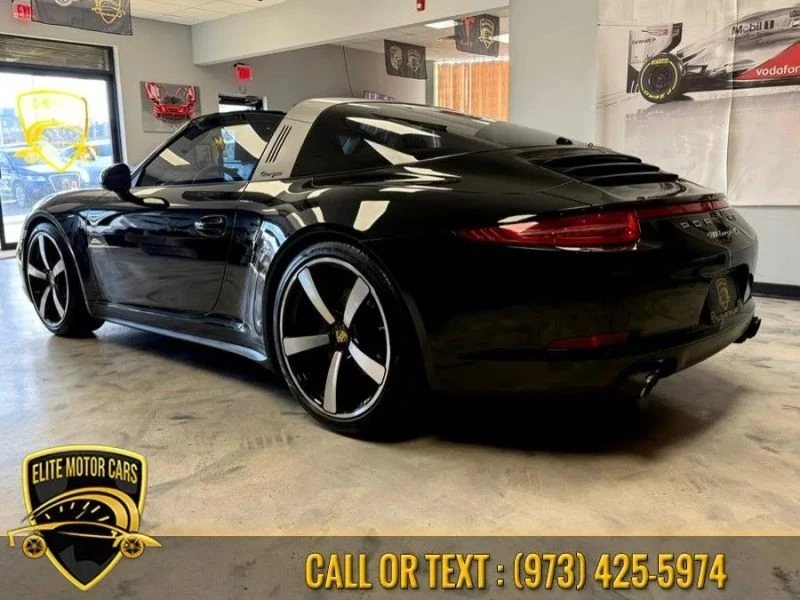 2014 Porsche 991 Targa 4 & 4S - Image 7 of 12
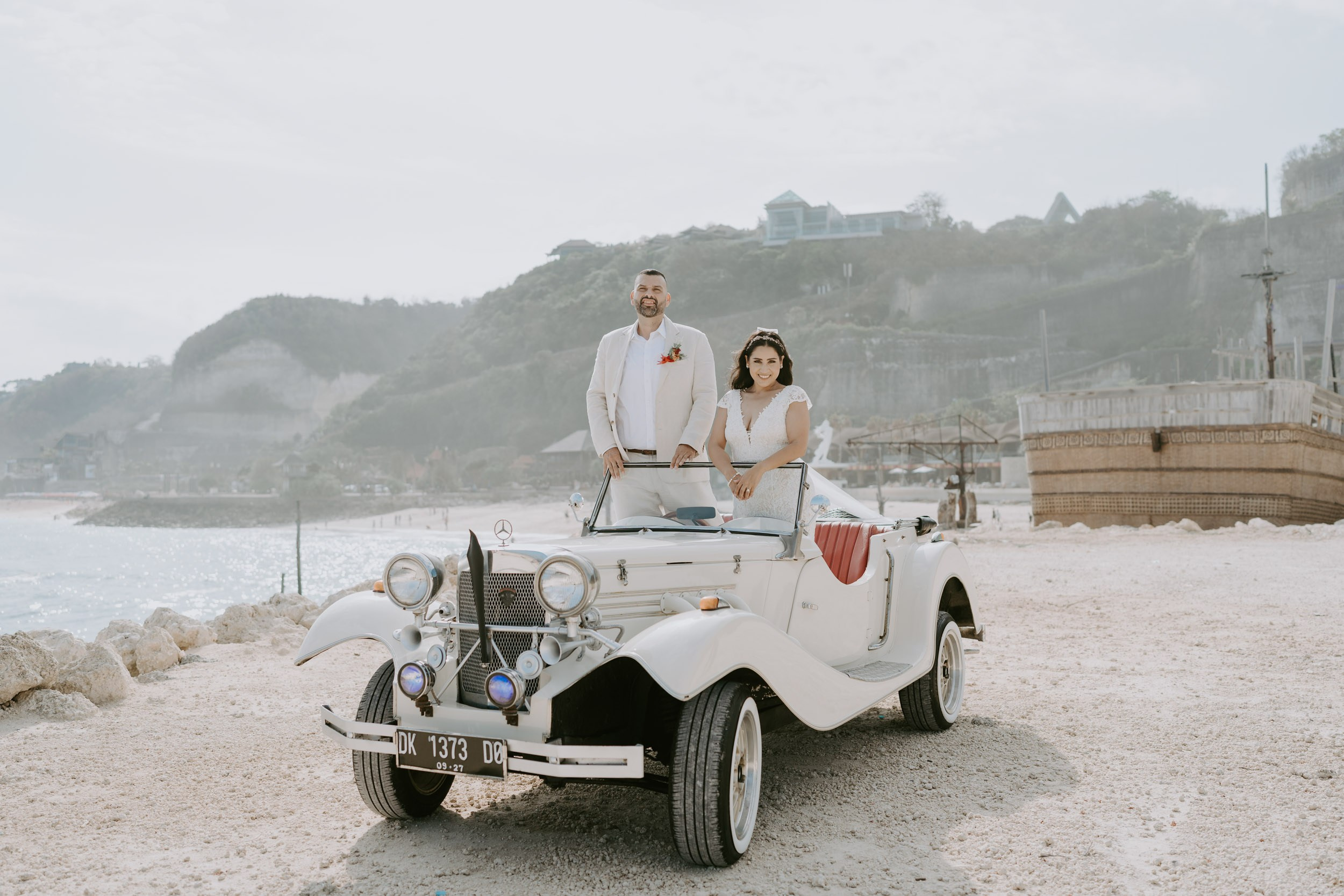 Bernardino & Ana. Female Photographer in Bali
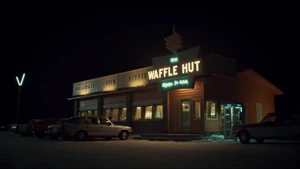 Wafflehut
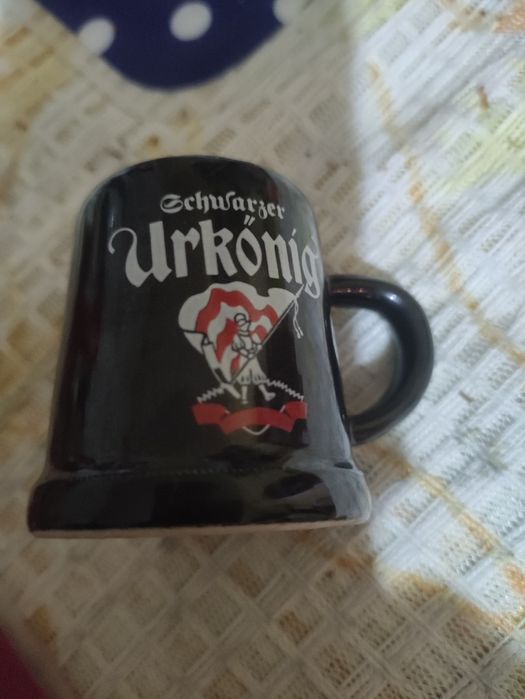 Malutki kufel niemiecki Urkonig 5,5 cm 2dl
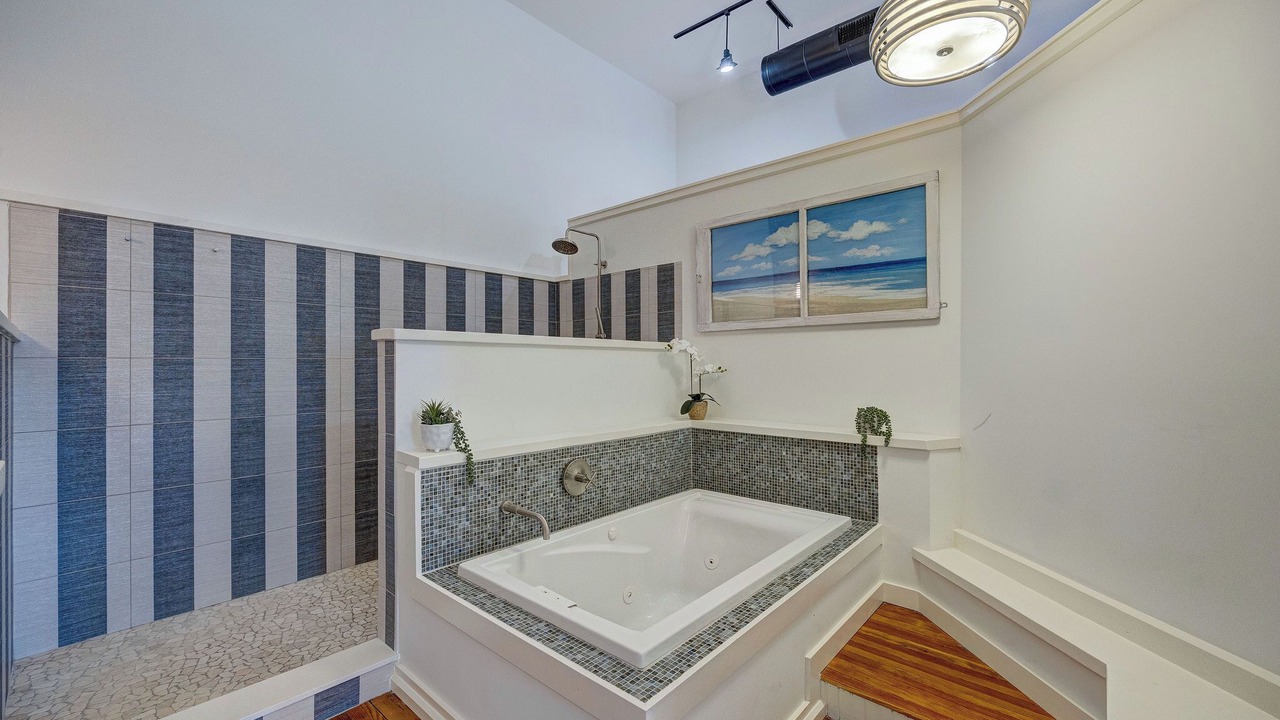 Photo of Bathroom in Downtown Wilmington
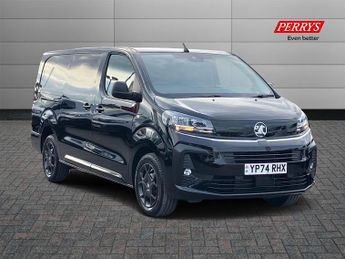 Vauxhall Vivaro  2.0 Turbo D 145 Pro H1 Van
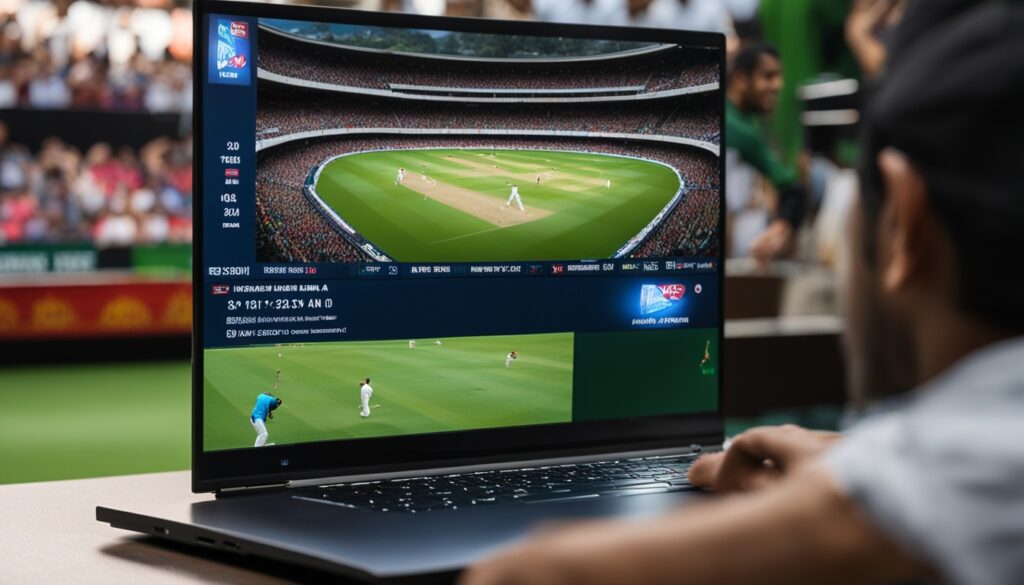 Live Cricket Streaming free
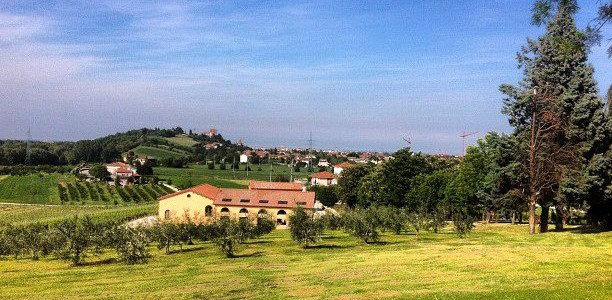 Una visita alla Collina dei Poeti a Santarcangelo di Romagna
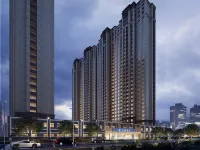 Hanting Luoyang Longmen Station Yiluo Road Hotel Các khách sạn ở Lạc Dương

══════

**Exercise brief:** Leaving every picture out, please copy exactly the lines from the one holding "Live Cricket Streaming free" through the last line of the listing, both ends included.

**Solution to this task:**
 Live Cricket Streaming free
 Una visita alla Collina dei Poeti a Santarcangelo di Romagna
 Hanting Luoyang Longmen Station Yiluo Road Hotel Các khách sạn ở Lạc Dương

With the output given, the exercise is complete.